Stored items from a collection

#####

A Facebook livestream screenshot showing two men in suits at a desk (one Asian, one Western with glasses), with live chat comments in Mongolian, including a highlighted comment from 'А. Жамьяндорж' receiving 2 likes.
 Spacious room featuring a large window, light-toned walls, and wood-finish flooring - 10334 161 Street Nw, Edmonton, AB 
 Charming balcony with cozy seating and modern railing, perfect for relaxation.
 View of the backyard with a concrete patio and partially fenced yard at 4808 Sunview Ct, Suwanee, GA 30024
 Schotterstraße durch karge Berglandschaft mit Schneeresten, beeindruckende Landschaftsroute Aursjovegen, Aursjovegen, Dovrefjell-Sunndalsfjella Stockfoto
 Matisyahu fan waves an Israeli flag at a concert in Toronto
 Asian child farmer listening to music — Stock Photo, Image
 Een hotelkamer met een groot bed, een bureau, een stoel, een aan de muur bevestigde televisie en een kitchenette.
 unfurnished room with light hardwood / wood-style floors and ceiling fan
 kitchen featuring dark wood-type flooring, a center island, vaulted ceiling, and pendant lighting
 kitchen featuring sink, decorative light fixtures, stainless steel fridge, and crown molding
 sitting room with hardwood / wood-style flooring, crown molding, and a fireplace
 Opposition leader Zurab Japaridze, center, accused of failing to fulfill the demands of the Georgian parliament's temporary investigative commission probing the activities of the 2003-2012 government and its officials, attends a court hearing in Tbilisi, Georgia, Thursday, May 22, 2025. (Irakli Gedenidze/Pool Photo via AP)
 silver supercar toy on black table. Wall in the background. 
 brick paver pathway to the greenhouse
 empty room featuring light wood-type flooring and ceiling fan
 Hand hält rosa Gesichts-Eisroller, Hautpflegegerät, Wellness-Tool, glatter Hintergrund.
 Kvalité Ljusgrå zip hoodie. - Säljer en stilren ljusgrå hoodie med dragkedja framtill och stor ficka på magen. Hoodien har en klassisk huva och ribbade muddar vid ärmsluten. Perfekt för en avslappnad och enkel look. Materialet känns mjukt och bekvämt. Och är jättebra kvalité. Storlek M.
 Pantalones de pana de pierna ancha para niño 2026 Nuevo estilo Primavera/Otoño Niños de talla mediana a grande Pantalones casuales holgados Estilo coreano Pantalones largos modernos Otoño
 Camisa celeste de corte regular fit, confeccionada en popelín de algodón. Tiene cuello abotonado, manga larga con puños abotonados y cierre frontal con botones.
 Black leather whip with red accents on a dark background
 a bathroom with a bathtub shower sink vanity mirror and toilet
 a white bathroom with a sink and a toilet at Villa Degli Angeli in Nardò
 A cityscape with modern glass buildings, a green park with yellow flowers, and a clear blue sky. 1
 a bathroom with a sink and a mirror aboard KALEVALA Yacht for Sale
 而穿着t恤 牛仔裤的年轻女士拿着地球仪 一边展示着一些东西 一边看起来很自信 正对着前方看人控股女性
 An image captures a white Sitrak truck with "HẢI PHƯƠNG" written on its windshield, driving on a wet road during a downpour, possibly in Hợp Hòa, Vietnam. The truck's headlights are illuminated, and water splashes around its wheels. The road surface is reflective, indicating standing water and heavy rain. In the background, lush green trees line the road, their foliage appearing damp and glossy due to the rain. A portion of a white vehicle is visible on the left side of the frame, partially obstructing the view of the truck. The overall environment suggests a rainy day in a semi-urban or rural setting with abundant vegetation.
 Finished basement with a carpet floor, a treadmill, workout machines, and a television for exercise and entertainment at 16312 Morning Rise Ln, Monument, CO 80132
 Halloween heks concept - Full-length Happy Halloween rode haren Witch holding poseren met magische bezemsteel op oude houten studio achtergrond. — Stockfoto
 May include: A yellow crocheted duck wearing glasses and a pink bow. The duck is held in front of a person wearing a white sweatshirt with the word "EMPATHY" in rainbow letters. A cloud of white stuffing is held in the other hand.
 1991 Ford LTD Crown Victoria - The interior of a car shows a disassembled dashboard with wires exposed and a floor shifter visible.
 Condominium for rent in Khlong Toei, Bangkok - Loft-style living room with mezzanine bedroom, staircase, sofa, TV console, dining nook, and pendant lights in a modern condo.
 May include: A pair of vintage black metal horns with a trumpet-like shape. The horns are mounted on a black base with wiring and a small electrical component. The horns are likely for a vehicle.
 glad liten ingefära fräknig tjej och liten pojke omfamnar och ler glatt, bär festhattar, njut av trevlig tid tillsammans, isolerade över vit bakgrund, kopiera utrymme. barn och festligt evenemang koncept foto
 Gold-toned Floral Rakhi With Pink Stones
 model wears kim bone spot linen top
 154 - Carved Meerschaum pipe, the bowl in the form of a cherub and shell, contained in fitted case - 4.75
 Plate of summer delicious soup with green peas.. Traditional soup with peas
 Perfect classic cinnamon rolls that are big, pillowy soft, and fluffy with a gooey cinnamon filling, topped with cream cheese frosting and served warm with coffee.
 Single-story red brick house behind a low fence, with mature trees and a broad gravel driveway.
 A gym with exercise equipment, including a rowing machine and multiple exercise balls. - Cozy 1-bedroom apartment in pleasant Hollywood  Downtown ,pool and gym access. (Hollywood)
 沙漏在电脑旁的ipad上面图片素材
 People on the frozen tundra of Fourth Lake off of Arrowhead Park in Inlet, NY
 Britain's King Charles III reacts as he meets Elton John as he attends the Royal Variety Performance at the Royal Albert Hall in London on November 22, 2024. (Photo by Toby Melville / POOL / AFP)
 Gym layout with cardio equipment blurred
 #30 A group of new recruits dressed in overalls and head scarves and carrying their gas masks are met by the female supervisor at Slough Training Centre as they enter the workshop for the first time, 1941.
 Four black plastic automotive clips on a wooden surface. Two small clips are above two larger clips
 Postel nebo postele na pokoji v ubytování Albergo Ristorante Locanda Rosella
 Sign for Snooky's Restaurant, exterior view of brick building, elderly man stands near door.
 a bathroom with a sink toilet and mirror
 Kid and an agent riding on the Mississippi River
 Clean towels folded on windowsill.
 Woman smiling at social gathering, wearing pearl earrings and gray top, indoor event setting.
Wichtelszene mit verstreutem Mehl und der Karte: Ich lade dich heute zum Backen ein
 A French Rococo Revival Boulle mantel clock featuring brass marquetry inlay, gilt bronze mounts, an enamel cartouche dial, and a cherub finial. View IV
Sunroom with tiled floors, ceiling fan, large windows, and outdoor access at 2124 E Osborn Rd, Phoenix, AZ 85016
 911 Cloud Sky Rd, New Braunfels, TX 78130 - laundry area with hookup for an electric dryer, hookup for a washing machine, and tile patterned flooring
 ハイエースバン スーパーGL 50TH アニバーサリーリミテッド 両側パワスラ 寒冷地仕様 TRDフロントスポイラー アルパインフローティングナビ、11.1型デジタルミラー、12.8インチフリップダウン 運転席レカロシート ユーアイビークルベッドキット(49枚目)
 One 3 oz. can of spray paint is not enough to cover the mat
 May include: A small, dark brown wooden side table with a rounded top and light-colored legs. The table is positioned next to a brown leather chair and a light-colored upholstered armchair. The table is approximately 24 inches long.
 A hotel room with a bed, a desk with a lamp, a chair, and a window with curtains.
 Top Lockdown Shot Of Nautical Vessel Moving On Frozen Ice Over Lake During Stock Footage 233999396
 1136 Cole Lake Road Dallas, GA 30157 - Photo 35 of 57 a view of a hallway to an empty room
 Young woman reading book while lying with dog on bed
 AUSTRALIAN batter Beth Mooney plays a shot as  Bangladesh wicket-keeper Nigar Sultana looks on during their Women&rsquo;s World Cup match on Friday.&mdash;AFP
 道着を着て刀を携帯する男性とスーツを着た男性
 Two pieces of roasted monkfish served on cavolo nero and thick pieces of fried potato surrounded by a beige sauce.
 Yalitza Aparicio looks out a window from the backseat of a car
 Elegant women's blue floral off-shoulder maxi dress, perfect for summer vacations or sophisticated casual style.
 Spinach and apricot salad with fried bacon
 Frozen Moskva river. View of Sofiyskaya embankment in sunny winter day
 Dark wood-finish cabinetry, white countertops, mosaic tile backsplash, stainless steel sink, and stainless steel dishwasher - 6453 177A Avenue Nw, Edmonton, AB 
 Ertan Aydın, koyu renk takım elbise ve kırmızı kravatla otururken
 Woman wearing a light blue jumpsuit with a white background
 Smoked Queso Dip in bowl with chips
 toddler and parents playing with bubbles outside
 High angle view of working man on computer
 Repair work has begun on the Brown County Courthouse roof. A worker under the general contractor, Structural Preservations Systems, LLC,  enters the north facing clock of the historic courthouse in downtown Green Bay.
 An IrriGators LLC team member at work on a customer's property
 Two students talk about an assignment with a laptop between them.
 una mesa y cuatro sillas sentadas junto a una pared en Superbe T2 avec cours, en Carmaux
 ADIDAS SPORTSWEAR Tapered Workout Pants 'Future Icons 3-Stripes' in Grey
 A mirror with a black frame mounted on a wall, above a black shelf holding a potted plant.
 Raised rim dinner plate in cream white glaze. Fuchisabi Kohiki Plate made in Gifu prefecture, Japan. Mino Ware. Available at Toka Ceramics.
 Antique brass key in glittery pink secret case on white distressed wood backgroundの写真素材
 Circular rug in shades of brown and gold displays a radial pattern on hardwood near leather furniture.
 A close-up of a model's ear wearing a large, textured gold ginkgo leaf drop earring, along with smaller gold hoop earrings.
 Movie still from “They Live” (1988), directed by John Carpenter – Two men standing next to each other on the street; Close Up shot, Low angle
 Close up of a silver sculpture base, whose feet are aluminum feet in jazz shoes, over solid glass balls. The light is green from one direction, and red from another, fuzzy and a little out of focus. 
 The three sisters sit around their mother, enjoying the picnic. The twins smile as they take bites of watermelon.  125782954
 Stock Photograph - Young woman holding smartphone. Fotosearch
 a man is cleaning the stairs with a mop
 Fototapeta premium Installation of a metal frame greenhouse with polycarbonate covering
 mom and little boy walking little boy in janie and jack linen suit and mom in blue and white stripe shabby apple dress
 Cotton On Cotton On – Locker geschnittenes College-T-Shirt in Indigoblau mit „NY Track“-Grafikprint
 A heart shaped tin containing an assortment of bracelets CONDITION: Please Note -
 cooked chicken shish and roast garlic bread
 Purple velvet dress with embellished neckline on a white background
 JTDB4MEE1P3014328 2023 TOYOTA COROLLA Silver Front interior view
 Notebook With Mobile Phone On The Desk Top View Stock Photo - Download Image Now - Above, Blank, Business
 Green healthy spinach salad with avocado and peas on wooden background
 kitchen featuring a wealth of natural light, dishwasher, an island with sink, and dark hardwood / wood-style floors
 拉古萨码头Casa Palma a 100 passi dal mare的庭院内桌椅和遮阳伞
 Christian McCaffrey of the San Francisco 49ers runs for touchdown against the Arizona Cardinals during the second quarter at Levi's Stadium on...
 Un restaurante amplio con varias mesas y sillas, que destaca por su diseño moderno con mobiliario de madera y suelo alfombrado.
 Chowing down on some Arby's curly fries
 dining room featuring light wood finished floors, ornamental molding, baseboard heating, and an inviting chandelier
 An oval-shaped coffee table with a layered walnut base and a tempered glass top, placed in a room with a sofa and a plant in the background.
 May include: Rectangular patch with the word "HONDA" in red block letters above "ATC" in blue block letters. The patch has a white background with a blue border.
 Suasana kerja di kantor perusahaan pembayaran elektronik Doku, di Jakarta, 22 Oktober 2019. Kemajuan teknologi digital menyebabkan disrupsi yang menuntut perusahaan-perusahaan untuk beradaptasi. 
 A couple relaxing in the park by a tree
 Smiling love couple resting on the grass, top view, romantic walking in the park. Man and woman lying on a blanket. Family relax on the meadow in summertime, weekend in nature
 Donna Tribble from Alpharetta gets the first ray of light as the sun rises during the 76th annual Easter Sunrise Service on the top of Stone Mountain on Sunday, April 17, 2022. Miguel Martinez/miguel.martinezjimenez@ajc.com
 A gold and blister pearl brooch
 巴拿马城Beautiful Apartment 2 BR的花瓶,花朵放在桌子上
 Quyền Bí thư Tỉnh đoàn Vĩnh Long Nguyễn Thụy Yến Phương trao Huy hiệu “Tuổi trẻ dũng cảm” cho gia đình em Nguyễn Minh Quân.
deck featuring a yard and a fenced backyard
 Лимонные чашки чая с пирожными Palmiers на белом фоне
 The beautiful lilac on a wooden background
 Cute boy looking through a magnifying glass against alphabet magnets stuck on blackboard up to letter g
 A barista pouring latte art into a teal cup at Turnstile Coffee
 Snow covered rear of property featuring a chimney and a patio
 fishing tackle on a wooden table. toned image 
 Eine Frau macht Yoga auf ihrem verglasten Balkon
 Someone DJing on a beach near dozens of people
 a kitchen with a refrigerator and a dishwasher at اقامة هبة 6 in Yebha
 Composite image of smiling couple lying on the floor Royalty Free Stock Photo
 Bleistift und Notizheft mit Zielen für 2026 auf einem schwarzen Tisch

#####

** Problem **
Copy only this part of the entries above: the line with "A heart shaped", the line with "dining room featuring", and the lines between, all exactly as written.

** Written answer **
 A heart shaped tin containing an assortment of bracelets CONDITION: Please Note -
 cooked chicken shish and roast garlic bread
 Purple velvet dress with embellished neckline on a white background
 JTDB4MEE1P3014328 2023 TOYOTA COROLLA Silver Front interior view
 Notebook With Mobile Phone On The Desk Top View Stock Photo - Download Image Now - Above, Blank, Business
 Green healthy spinach salad with avocado and peas on wooden background
 kitchen featuring a wealth of natural light, dishwasher, an island with sink, and dark hardwood / wood-style floors
 拉古萨码头Casa Palma a 100 passi dal mare的庭院内桌椅和遮阳伞
 Christian McCaffrey of the San Francisco 49ers runs for touchdown against the Arizona Cardinals during the second quarter at Levi's Stadium on...
 Un restaurante amplio con varias mesas y sillas, que destaca por su diseño moderno con mobiliario de madera y suelo alfombrado.
 Chowing down on some Arby's curly fries
 dining room featuring light wood finished floors, ornamental molding, baseboard heating, and an inviting chandelier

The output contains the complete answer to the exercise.